# Backend-Led Extraction: Fixes Applied

## Summary

Fixed critical bugs preventing the backend-led extraction flow from working correctly. The system now properly transitions from `collector` → `extraction_review` phases and the AI no longer hallucinates "processing" messages.

---

## Issues Fixed

### 1. **Handoff Not Triggering** (`/app/api/ai/chat/route.ts`)

**Problem:** The AI wasn't consistently returning `collectorHandoff.readyForExtraction: true` in the structured JSON response when the user said "that's everything".

**Fix:** Added fallback detection that checks for trigger phrases in the AI's reply text:

```typescript
// Fallback: If AI says certain phrases, assume user confirmed readiness
if (!readyForExtraction && reply.reply) {
  const confirmPhrases = [
    'perfect! let me analyze',
    'perfect! i\'m starting',
    'great! i\'m running',
    'okay, i\'ll start',
    'i\'ll start digging',
    'i\'ll analyze what you',
  ];
  const replyLower = reply.reply.toLowerCase();
  readyForExtraction = confirmPhrases.some(phrase => replyLower.includes(phrase));
}
```

**Location:** Lines 194-210

---

### 2. **Backend Extractor Exiting Without Phase Transition** (`/lib/server/backend-extractor.ts`)

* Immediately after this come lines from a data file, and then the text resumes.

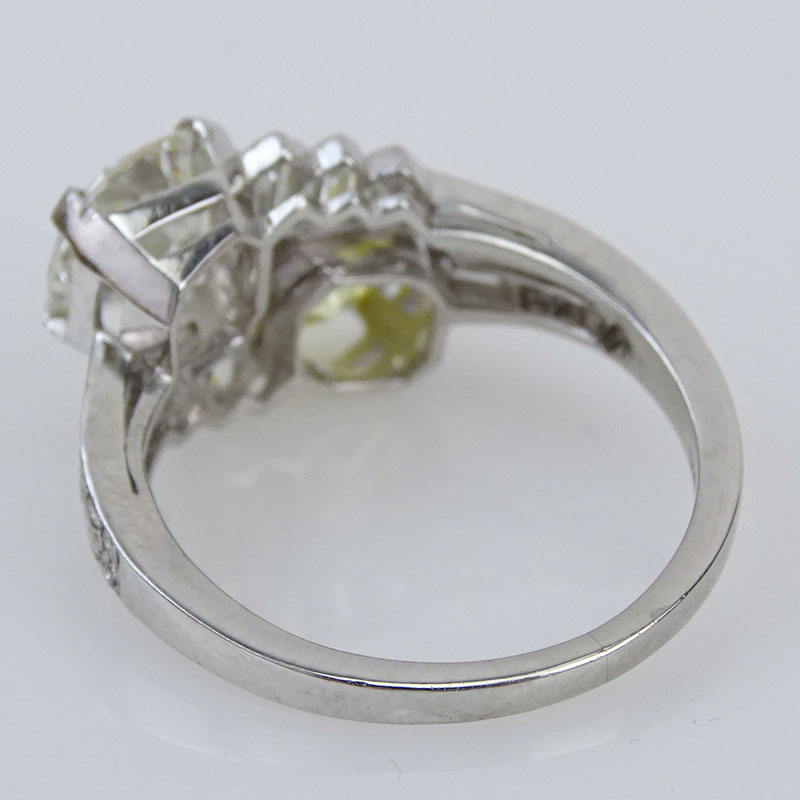 1.85 Carat Round Brilliant Cut Fancy Intense Yellow Diamond and an Approx. 1.70 Carat Round Brilliant Cut Diamond and Platinum Two Stone Crossover Ring.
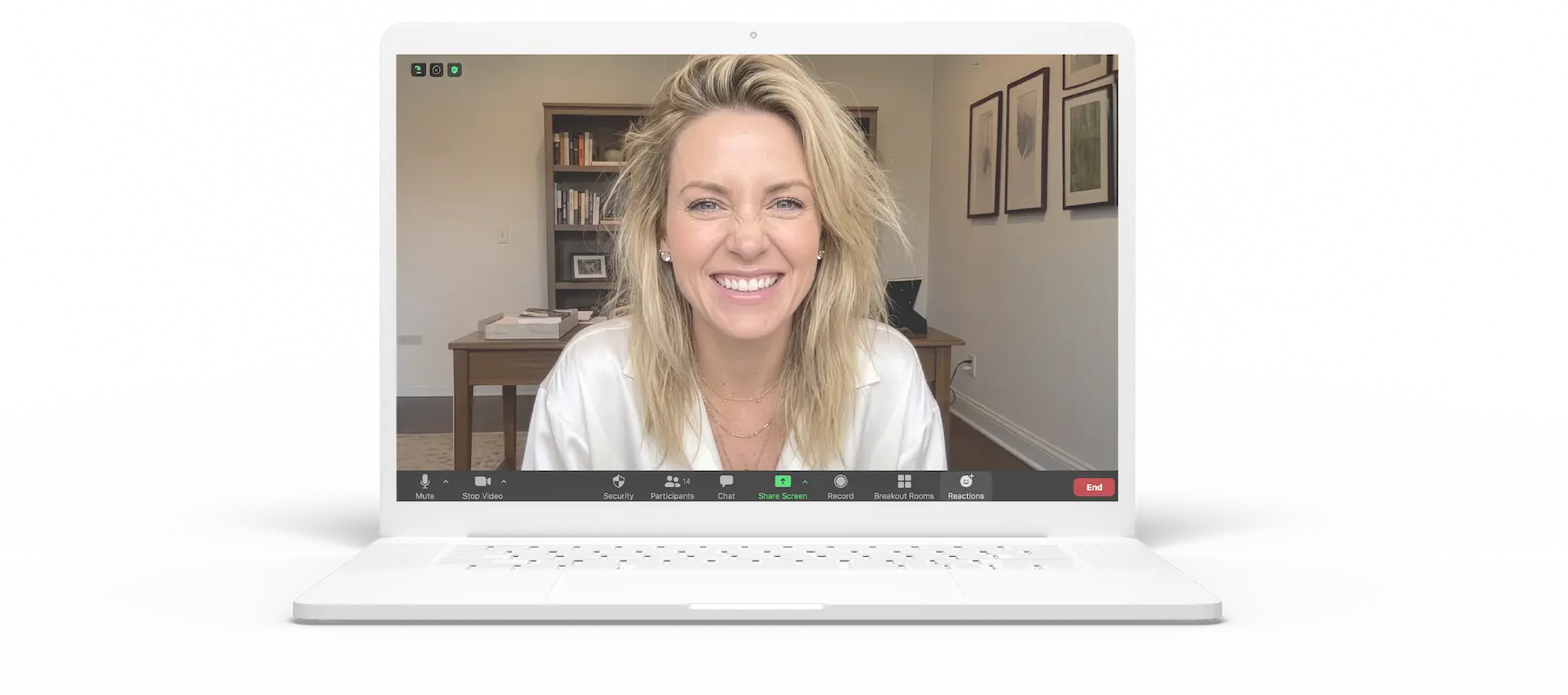 Smiling woman with blonde hair on a video call shown on a white laptop screen.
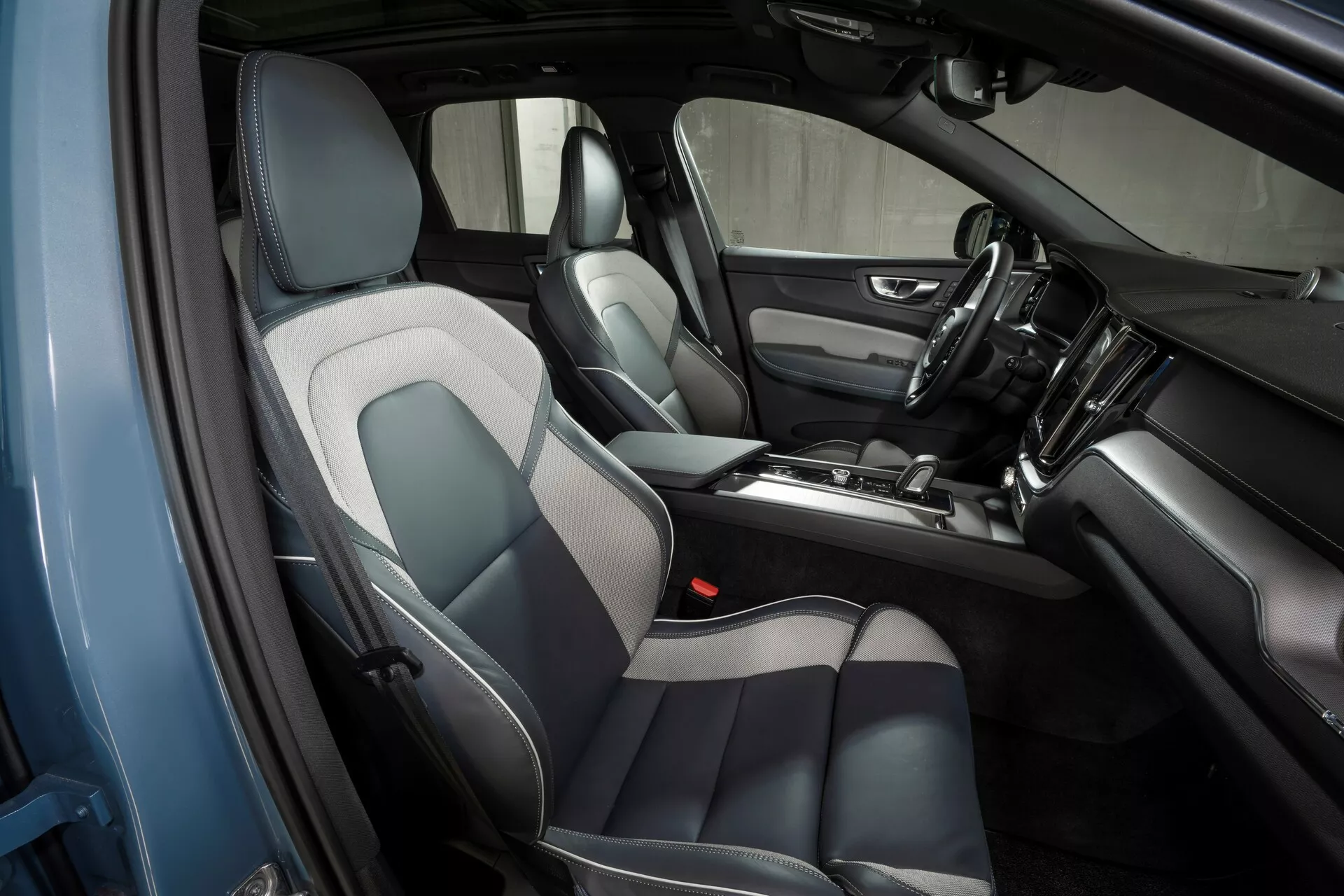 Notranjost vozila Volvo XC60 2021 (2. generacija-facelift), posneta iz dvignjenega, poševnega kota z voznikove strani, prikazuje zasnovo in značilnosti sprednje kabine, vključno z usnjenimi in tekstilnimi sedeži v sivi in črni barvi, sredinsko konzolo z prestavno ročico in različnimi kontrolami, armaturno ploščo z nameščenim zaslonom na dotik infotainment sistema, kontinuiteto v zasnovi vratnih plošč in vidnih mrežah zvočnikov.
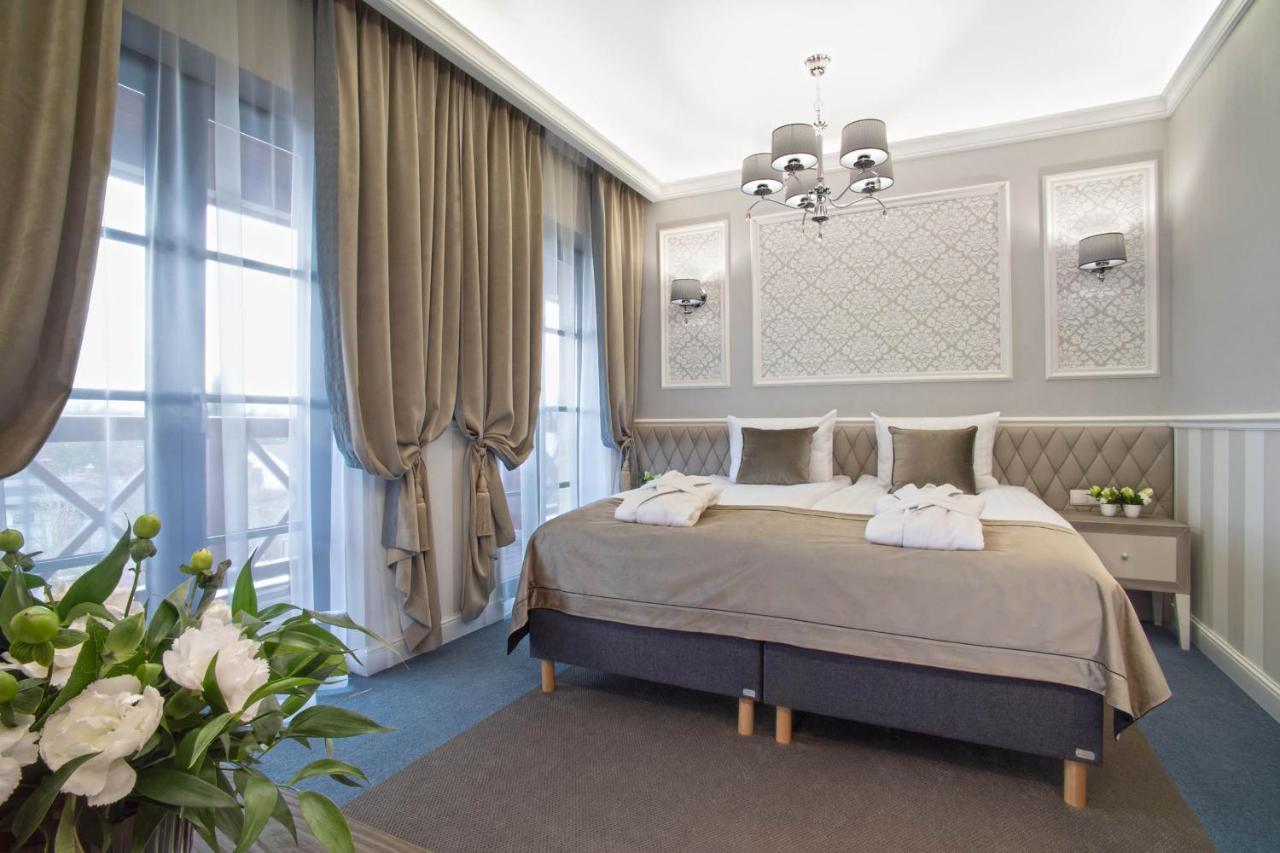 Boutique Odyseja & Spa Ciechocinek Dış mekan fotoğraf A bedroom in the hotel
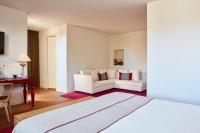 Hotel Neri – Relais & Chateauxにあるベッド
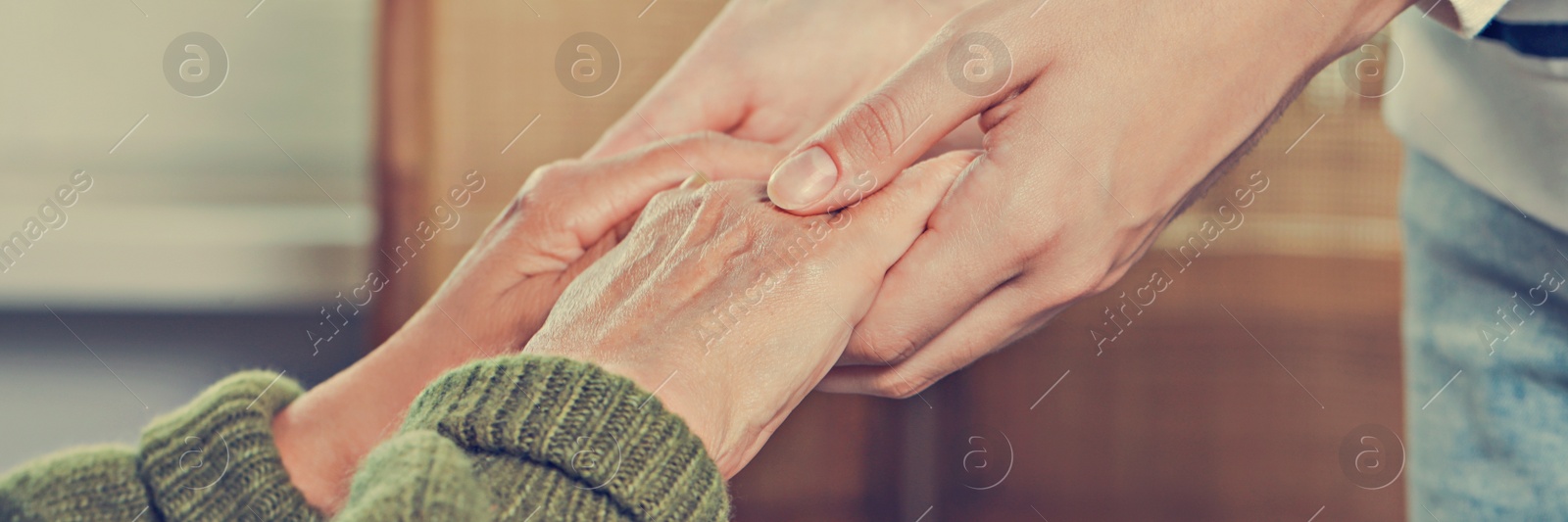 Image of Caregiver helping elderly woman at home, closeup. Banner design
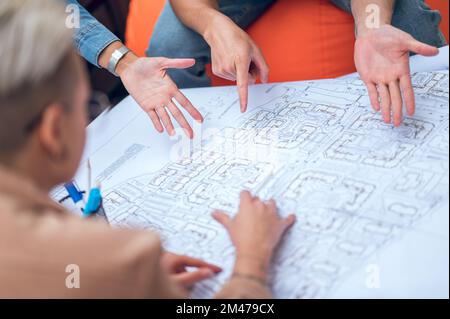 Group of draftspeople working on a drawing Stock Photo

**Problem:** When a project had no documents uploaded (only GitHub connected), the backend extractor would exit early without updating `currentPhase` to `extraction_review`.

```typescript
if (knowledgeSnapshot.empty) {
  console.log(`No documents to extract`);
  return;  // ← Exits WITHOUT updating phase!
}
```

**Fix:** When no documents exist, create a minimal extraction handoff and still transition the phase:

```typescript
if (knowledgeSnapshot.empty) {
  console.log(`No documents to extract for project ${projectId} - creating empty handoff`);
  
  // Create a minimal extraction handoff even with no documents
  const emptyHandoff: PhaseHandoff = {
    phase: 'extraction',
    readyForNextPhase: false,
    confidence: 0,
    confirmed: {
      problems: [],
      targetUsers: [],
      features: [],
      constraints: [],
      opportunities: [],
    },
    uncertain: {},
    missing: ['No documents uploaded - need product requirements, specs, or notes'],
    questionsForUser: [
      'You haven\'t uploaded any documents yet. Do you have any product specs, requirements, or notes to share?',
    ],
    sourceEvidence: [],
    version: 'extraction_v1',
    timestamp: new Date().toISOString(),
  };
  
  await adminDb.collection('projects').doc(projectId).update({
    'phaseData.phaseHandoffs.extraction': emptyHandoff,
    currentPhase: 'extraction_review',
    phaseStatus: 'in_progress',
    'phaseData.extractionCompletedAt': new Date().toISOString(),
    updatedAt: new Date().toISOString(),
  });
  
  return;
}
```

**Location:** Lines 58-93

---

### 3. **Mode Resolver Not Detecting `extraction_review` Phase** (`/lib/server/chat-mode-resolver.ts`)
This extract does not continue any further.